Born March 23, 1943, in Jersey City, NJ; died of AIDS December 5, 1990, in San Francisco, CA; son of D. Leon Chesley and Betty Rottger. Education: Reed College, B.A. (music).


Writer, director, producer. Victor & Grais Productions, Los Angeles, CA, founder.



Hell, I Love You, produced in San Francisco, CA at Theatre Rhinoceros, 1981.

City Pieces (three one-act plays), produced in New York, NY, 1981.

Stray Dog Story, JH Press (New York, NY), 1984.

Night Sweat, produced in San Francisco, CA, 1985.

Jerker, Or the Helping Hand, produced in New York, NY, 1987.

Hard Plays—Stiff Parts: The Homoerotic Plays of Robert Chesley, Alamo Square Press (San Francisco, CA), 1990.

Also composer of songs.

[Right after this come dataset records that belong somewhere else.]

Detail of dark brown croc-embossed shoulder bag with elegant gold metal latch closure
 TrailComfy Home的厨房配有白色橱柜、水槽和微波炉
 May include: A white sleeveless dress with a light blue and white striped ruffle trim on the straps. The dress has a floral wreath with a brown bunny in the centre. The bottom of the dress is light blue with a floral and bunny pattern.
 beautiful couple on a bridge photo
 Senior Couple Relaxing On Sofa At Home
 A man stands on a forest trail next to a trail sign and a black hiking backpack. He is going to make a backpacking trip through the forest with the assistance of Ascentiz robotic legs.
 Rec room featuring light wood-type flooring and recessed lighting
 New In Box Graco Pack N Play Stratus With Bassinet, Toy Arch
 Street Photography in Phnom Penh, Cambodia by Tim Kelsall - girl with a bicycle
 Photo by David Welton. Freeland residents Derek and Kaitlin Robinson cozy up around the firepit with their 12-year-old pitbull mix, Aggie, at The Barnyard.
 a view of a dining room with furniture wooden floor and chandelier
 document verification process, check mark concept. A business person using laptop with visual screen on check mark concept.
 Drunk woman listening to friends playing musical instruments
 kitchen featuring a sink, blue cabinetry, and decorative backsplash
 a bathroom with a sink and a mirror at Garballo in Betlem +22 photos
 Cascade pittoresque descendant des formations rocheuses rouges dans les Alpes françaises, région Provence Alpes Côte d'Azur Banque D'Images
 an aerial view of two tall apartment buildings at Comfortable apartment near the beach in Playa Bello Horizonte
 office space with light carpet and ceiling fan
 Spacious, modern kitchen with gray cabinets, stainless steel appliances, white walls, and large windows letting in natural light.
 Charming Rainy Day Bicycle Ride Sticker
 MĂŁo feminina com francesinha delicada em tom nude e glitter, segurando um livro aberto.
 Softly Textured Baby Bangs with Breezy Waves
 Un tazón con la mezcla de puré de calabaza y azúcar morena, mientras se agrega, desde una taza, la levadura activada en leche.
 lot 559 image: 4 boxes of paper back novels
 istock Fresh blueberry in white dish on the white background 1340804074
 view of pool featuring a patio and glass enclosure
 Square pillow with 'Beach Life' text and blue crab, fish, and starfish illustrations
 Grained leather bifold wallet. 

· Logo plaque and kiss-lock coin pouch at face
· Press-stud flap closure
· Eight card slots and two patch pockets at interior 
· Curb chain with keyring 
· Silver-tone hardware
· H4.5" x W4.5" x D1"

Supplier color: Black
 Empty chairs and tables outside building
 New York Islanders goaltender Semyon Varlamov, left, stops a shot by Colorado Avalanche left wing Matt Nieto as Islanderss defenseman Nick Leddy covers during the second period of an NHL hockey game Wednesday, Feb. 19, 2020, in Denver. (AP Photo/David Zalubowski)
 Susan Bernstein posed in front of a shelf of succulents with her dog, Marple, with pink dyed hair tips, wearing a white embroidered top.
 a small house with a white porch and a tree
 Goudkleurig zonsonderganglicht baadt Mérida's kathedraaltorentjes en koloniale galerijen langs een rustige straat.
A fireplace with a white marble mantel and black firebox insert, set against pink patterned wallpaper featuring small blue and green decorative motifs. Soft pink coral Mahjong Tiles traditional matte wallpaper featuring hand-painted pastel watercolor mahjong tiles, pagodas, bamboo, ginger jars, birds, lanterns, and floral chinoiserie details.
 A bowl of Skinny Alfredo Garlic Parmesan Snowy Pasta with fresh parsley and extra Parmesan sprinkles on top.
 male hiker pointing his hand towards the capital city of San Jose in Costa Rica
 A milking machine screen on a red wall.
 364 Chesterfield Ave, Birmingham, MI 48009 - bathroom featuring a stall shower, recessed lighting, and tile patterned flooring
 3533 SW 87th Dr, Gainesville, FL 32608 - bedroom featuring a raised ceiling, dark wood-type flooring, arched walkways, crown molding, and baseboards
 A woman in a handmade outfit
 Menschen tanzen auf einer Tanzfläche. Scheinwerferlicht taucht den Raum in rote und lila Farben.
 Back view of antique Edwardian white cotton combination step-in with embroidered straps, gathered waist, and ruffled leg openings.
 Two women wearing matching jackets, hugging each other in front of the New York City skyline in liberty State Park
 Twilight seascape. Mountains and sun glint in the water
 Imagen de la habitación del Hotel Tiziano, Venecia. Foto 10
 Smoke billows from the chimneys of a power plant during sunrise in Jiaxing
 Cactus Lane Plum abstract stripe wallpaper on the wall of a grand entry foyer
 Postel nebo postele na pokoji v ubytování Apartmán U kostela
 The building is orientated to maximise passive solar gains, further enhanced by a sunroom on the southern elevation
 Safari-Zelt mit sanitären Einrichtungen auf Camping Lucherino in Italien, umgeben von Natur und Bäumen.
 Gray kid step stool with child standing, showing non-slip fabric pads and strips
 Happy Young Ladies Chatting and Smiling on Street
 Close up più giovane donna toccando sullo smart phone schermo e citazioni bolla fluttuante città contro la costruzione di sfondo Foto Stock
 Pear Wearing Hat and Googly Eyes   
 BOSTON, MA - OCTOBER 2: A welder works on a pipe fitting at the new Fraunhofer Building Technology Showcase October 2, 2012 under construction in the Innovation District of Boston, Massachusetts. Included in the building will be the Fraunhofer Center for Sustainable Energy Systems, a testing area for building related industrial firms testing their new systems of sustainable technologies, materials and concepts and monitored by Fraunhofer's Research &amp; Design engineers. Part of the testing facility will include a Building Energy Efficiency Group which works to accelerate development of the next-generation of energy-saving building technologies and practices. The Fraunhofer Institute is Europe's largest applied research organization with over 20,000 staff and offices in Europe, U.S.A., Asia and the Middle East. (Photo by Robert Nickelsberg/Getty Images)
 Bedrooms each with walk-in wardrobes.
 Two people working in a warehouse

Contributor of articles to Gay Community News, Gayweek, The Advocate, and Omega, 1976-1978.


Robert Chesley's career as a playwright spanned the 1980s—the decade of AIDS. His plays deal with the dynamics surrounding gay relationships, the shedding of stereotypes, and issues related to AIDS. After Stray Dog Story, People's David Lamble said, "Robert Chesley is emerging as one of the gay community's bicoastal playwrights, tapping collective dreams, fantasies, and sometimes nightmares and transforming this potent material into the stuff of dark romantic comedy."

Chesley's debut play, Hell, I Love You, is structured around the dialogue of a gay couple. The two protagonists are almost quintessentially mismated, one desiring a varied and active social life while his partner is contented with a good book and a quiet evening at home.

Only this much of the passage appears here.